Outside the war, the “front line” is a rather dead word from history textbooks. But inside the war it becomes a kind of skin that convinces you even more thoroughly that you belong to a collective body. When the skin is broken, blood always flows from the wound. Although the front line, if you think for a minute longer, is actually a constantly bleeding wound, in the news as well as in your own war mythology, it appears as something whole, protective, which might even sometimes move or be broken through, but only when it’s the front line of the enemy.
Now that the outbreak of war has already lasted so long, I can’t remember when I first heard gunfire, artillery, and rockets this year. Probably it was the first day of the war, the 24th of February, 2022.
On that day, as in subsequent weeks, the shelling became a constant backdrop to city life. Sometimes it completely replaced the usual sounds of the street.
I heard this drumming and banging during the night, I heard it in the morning, once it even sounded almost melodious, accompanying a sunset. Although some buildings in my district had been damaged and unfortunately struck again and again, during the battle for Kyiv the front line was never so ruptured that I felt an urgent need to leave the city.
With the first news of the attack, the idea was born that something both familiar and foreign, hostile and destructive, is very near and getting closer, an army that will mindlessly, almost automatically annihilate my life and my society as soon as it gets here.
The shelling was and is only the harbinger, an indication of a decision that for this neighboring country—for “the enemy”—the work that brings about a city, a street, a life together, indeed life itself, no longer counts.
This life—built with so much care and strength, surviving with difficulty or barely at all in a state of war—will finally reach its end when the front line is broken, when the city is occupied.
The concept of re-education (“denazification,” “demilitarization”) disseminated by Russian war propaganda is a post-mortem vision, something that’s meant to happen under the supervision of “the educators” with people who are already dead.
I spent the first night of the war in my parents’ apartment, in my former room, surrounded by my youth’s world of objects. The books I’d bought at some moment or other looked at me hauntingly. The traces of everything that had happened in those days when such a war was hardly possible. The pictures of my old friends on the walls seemed more present or realistic than all the old publications. They were speechless in a way, and ready to absorb new meanings.
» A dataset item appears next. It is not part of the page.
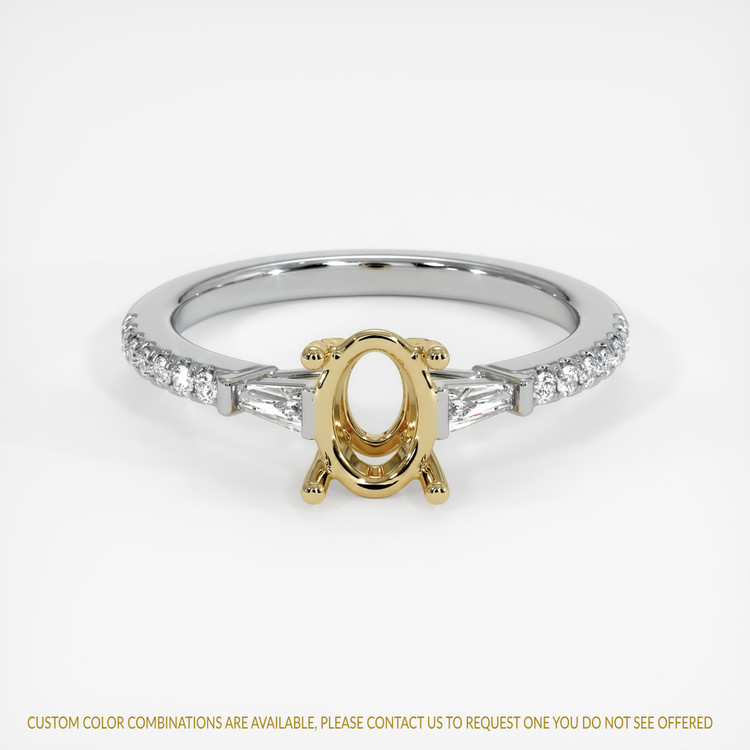 14K Yellow & White Three Stone Ring Setting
This peaceful past, one’s own experience from the time when war was unimaginable, revealed itself that day as an unprotected territory, as something unstable, which, like the future, could be decided anew.
Memories can be occupied just as cities can. But for the most part they do not possess the modern defensive weapons that Ukraine asks for again and again.
The fear of losing one’s past in a present act of violence is perhaps the only fear I can clearly picture in writing this text.
Memory, it’s difficult to write it all down, the sentences seem to want to separate from themselves. And yet I feel, as I write, that the events of my childhood, surrounded by war, begin to exist outside the all-encompassing front line.